Forums

Home / Forums

You need to log in to create posts and topics. Login · Register

BlueFS spillover after 3.3.0 update

Hi,

After updating to 3.3.0 from 3.2.1 we suddenly have a bunch of warnings about OSD(s) experiencing BlueFS spillover.
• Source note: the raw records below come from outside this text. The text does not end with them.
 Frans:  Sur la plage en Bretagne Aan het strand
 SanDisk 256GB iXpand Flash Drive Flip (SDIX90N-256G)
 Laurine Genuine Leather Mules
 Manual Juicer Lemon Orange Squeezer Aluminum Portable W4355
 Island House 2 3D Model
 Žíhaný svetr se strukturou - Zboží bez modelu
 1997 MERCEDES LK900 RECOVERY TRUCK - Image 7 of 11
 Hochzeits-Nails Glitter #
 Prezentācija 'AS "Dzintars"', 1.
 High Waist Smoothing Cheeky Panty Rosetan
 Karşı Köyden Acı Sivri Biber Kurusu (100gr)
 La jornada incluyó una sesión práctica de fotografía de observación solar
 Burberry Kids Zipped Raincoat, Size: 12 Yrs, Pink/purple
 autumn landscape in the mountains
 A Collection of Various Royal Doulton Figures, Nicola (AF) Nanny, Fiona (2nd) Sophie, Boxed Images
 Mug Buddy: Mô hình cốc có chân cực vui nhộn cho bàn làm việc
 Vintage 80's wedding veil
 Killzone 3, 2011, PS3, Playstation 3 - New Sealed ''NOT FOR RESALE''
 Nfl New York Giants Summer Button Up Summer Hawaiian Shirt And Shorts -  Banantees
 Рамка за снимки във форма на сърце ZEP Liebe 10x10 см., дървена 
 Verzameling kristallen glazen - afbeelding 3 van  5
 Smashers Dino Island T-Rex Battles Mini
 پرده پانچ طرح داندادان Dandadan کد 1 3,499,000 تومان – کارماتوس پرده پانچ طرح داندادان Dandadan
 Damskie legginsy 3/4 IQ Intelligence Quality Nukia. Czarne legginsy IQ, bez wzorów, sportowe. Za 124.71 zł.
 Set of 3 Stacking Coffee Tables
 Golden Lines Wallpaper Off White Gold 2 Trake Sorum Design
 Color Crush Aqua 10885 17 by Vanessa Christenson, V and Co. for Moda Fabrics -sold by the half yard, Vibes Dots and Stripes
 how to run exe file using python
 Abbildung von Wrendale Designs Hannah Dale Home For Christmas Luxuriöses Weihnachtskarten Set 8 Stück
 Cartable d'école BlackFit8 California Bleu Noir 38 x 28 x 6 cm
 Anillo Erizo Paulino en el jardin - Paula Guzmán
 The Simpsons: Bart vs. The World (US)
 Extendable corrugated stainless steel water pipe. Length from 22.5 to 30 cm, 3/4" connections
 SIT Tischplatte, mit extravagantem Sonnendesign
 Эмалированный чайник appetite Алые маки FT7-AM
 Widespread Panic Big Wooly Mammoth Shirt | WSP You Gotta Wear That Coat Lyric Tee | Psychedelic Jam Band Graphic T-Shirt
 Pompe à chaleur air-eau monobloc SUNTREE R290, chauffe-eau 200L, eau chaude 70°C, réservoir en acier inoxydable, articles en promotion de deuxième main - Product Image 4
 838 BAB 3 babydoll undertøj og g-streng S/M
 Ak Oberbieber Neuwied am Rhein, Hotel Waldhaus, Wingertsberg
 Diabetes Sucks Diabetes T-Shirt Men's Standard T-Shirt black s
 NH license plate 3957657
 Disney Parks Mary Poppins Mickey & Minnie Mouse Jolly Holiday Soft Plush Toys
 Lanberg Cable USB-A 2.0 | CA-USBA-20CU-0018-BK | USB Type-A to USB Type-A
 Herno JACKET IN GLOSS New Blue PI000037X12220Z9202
They appeared as we updated and rebooted each node, eg there was 7 on the first, and 6 on the second, and so on, and we've ended up with 27 showing.

What's odd is that when we run "ceph health detail" most of the OSDs aren't anywhere near full:

root@gl-san-02a:~# ceph health detail
HEALTH_WARN 26 OSD(s) experiencing BlueFS spillover
[WRN] BLUEFS_SPILLOVER: 26 OSD(s) experiencing BlueFS spillover
osd.0 spilled over 72 MiB metadata from 'db' device (28 GiB used of 60 GiB) to slow device
osd.3 spilled over 5.5 GiB metadata from 'db' device (2.7 GiB used of 60 GiB) to slow device
osd.5 spilled over 22 GiB metadata from 'db' device (11 GiB used of 60 GiB) to slow device
osd.9 spilled over 24 GiB metadata from 'db' device (17 GiB used of 60 GiB) to slow device
osd.10 spilled over 29 GiB metadata from 'db' device (12 GiB used of 60 GiB) to slow device
osd.12 spilled over 25 GiB metadata from 'db' device (22 GiB used of 60 GiB) to slow device
osd.14 spilled over 332 MiB metadata from 'db' device (56 GiB used of 60 GiB) to slow device
osd.16 spilled over 23 GiB metadata from 'db' device (25 GiB used of 60 GiB) to slow device
osd.18 spilled over 34 GiB metadata from 'db' device (13 GiB used of 60 GiB) to slow device
osd.20 spilled over 28 GiB metadata from 'db' device (16 GiB used of 60 GiB) to slow device
osd.21 spilled over 26 GiB metadata from 'db' device (19 GiB used of 60 GiB) to slow device
osd.26 spilled over 23 GiB metadata from 'db' device (17 GiB used of 60 GiB) to slow device
osd.33 spilled over 27 GiB metadata from 'db' device (14 GiB used of 60 GiB) to slow device
osd.35 spilled over 35 GiB metadata from 'db' device (22 GiB used of 60 GiB) to slow device
osd.36 spilled over 25 GiB metadata from 'db' device (16 GiB used of 60 GiB) to slow device
osd.37 spilled over 33 GiB metadata from 'db' device (16 GiB used of 60 GiB) to slow device
osd.38 spilled over 23 GiB metadata from 'db' device (5.0 GiB used of 60 GiB) to slow device
osd.39 spilled over 23 GiB metadata from 'db' device (16 GiB used of 60 GiB) to slow device
osd.40 spilled over 21 GiB metadata from 'db' device (15 GiB used of 60 GiB) to slow device
osd.41 spilled over 23 GiB metadata from 'db' device (13 GiB used of 60 GiB) to slow device
osd.43 spilled over 36 GiB metadata from 'db' device (10 GiB used of 60 GiB) to slow device
osd.45 spilled over 312 MiB metadata from 'db' device (45 GiB used of 60 GiB) to slow device
osd.47 spilled over 52 GiB metadata from 'db' device (10 GiB used of 60 GiB) to slow device
osd.48 spilled over 31 GiB metadata from 'db' device (18 GiB used of 60 GiB) to slow device
osd.49 spilled over 60 GiB metadata from 'db' device (9.7 GiB used of 60 GiB) to slow device
osd.52 spilled over 5.4 GiB metadata from 'db' device (58 GiB used of 60 GiB) to slow device

Any suggestions on how we can remedy this (without just suppressing the warning)?

Thanks!

It should not be related to the upgrade, the upgrade did a minor change of Ceph version 17.2.5 -> 17.2.7.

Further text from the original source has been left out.